____ Records to process

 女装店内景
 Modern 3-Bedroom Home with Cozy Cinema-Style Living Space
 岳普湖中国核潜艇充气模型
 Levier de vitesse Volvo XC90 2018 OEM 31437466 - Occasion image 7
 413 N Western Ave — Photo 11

________
____ Records to process

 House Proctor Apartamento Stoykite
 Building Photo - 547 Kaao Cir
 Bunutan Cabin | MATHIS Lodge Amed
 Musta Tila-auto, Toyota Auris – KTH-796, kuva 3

________
____ Records to process

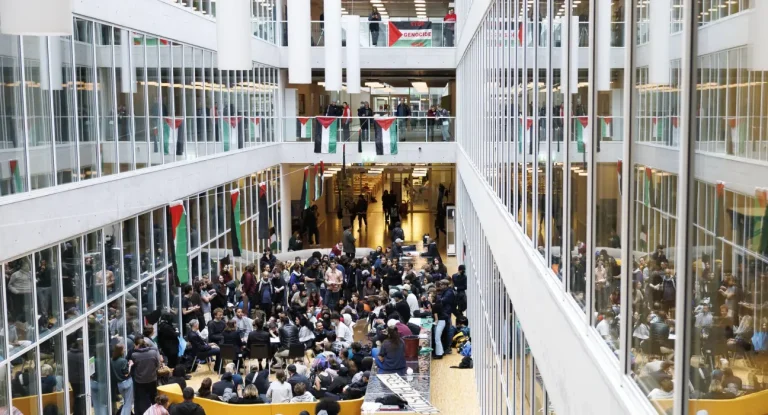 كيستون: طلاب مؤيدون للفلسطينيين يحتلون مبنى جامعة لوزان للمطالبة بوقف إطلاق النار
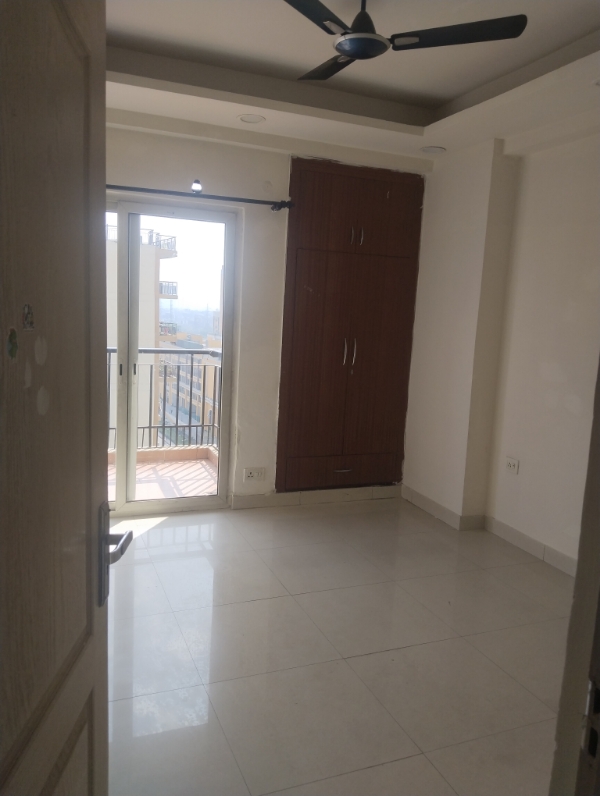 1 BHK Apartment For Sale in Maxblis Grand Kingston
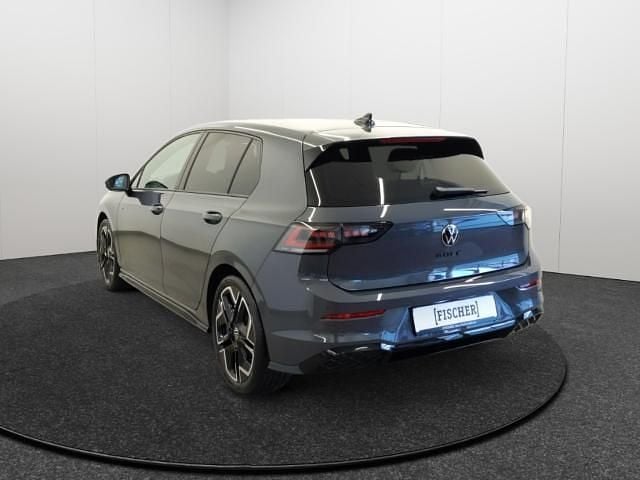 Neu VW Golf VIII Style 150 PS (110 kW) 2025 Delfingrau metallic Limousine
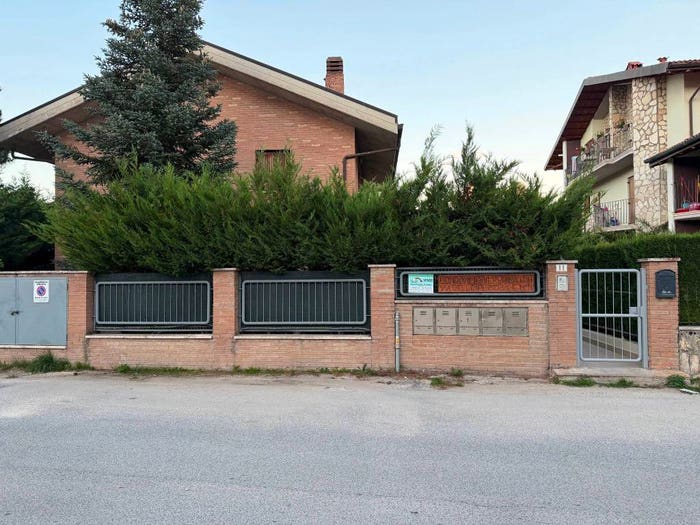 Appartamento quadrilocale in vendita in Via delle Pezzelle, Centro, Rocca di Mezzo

________

▶ What is expected: The required output is the stretch of entries above from the line containing "岳普湖中国核潜艇充气模型" through the line containing "413 N Western Ave — Photo 11", reproduced exactly.

▶ Solution for this task:
 岳普湖中国核潜艇充气模型
 Levier de vitesse Volvo XC90 2018 OEM 31437466 - Occasion image 7
 413 N Western Ave — Photo 11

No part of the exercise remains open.